Supplied information:
★ ★ ★ ★
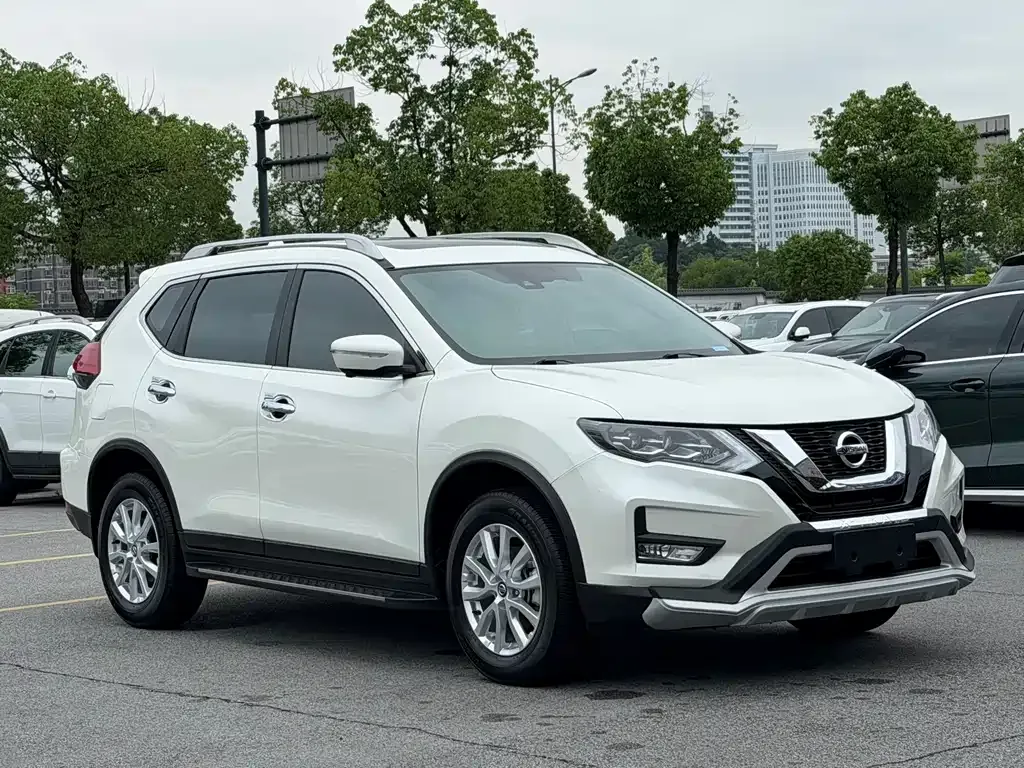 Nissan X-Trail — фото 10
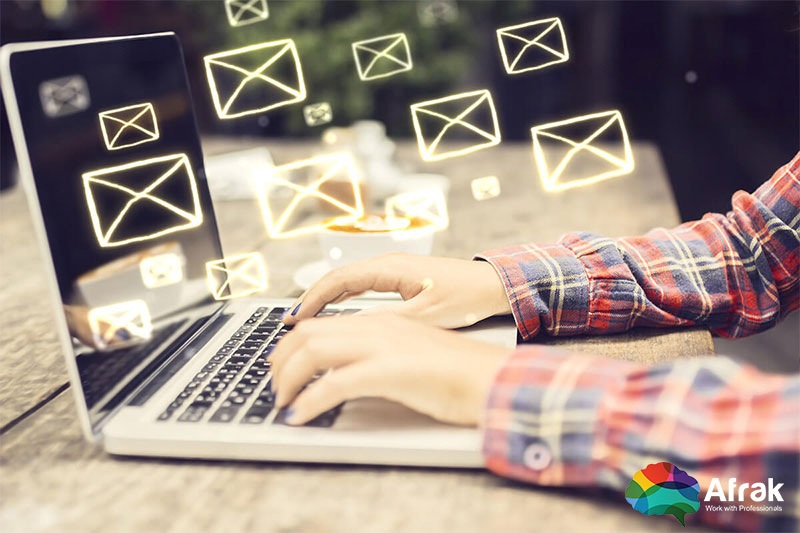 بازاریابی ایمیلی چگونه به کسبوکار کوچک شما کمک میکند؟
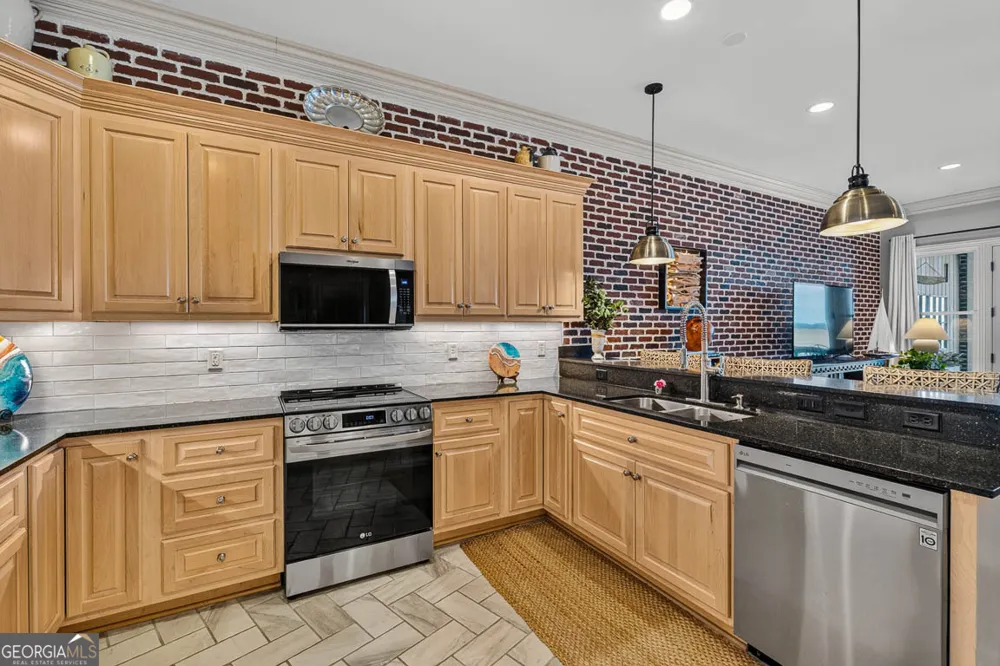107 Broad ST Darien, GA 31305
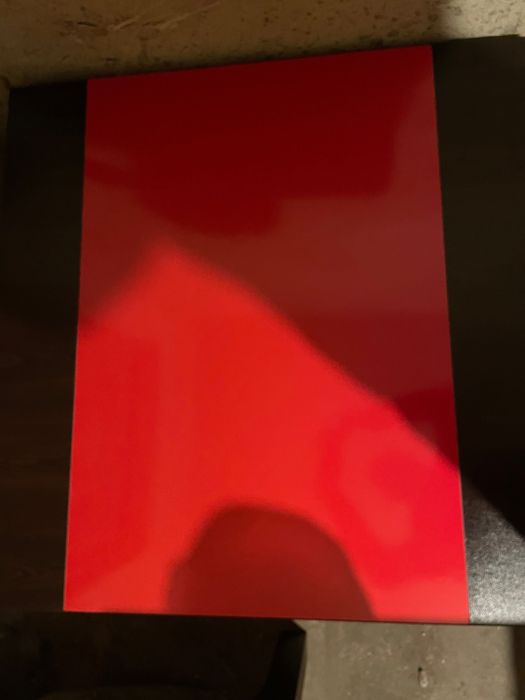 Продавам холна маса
★ ★ ★ ★
Brief:
Omit the pictures. Transcribe word for word the lines from the one containing "107 Broad ST Darien, GA 31305" through the end of the listing, inclusive.

Reply:
107 Broad ST Darien, GA 31305
 Продавам холна маса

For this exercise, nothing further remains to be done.